A blog formerly known as Bookishness / By Charles Matthews

"Dazzled by so many and such marvelous inventions, the people of Macondo ... became indignant over the living images that the prosperous merchant Bruno Crespi projected in the theater with the lion-head ticket windows, for a character who had died and was buried in one film and for whose misfortune tears had been shed would reappear alive and transformed into an Arab in the next one. The audience, who had paid two cents apiece to share the difficulties of the actors, would not tolerate that outlandish fraud and they broke up the seats. The mayor, at the urging of Bruno Crespi, explained in a proclamation that the cinema was a machine of illusions that did not merit the emotional outbursts of the audience.
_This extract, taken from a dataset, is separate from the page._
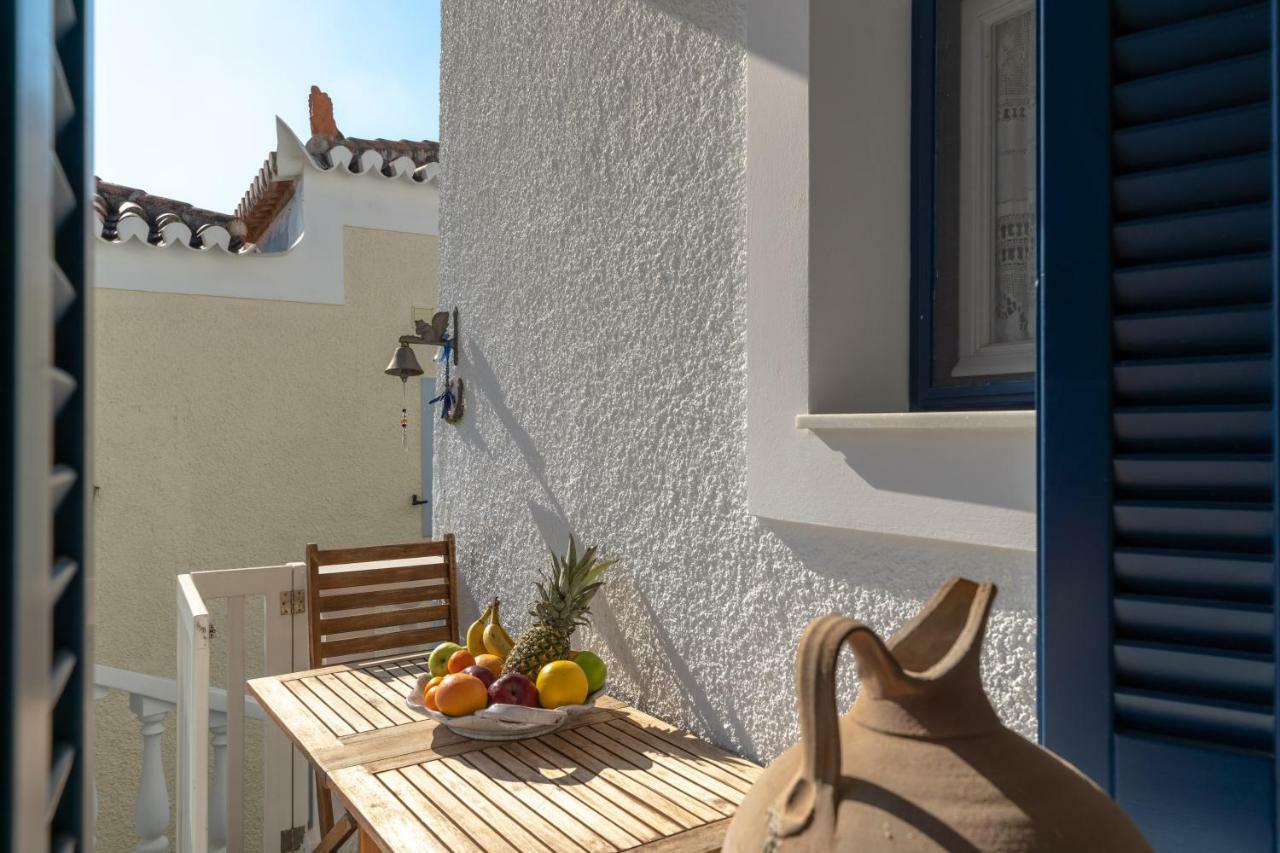 Porto Vecchio Luxury Suites Spétses Dış mekan fotoğraf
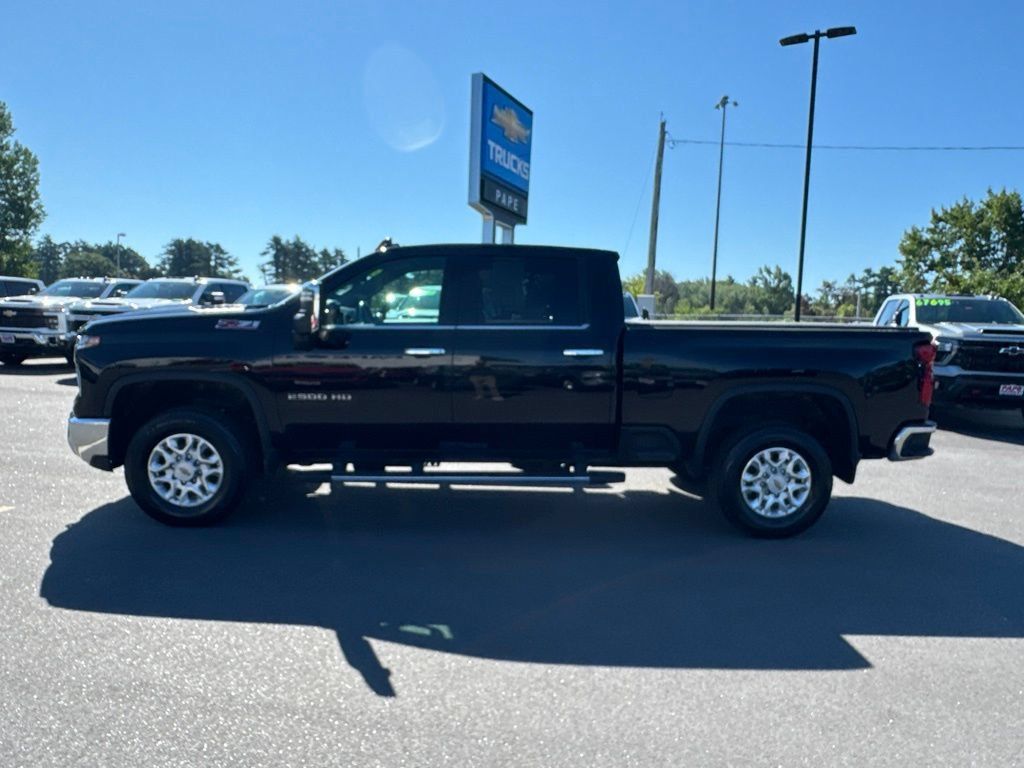 Used 2024 Chevrolet Silverado 2500 LTZ w/ LTZ Plus Package AWD/4WD image 11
With that discouraging explanation many ... decided not to return to the movies, considering that they already had too many troubles of their own to weep over the acted-out misfortunes of imaginary beings."
--Gabriel García Márquez, One Hundred Years of Solitude

Thursday, August 29, 2024

The Sixth Day (Youssef Chahine, 1986)

Dalida in The Sixth Day

Cast: Dalida, Mohsen Mohieddin, Shouweikar, Hamdy Ahmed, Sanaa Younes, Salah El-Saadany, Mohamed Mounir, Youssef Chahine, Abla Kamel, Hasan El-Adl, Maher Esam. Screenplay: Youssef Chahine, Hasan Al Geretly, based on a novel by Andrée Chedid. Cinematography: Mohsen Nasr. Production design: Tarek Salaheddine. Film editing: Luc Barnier. Music: Omar Khairat.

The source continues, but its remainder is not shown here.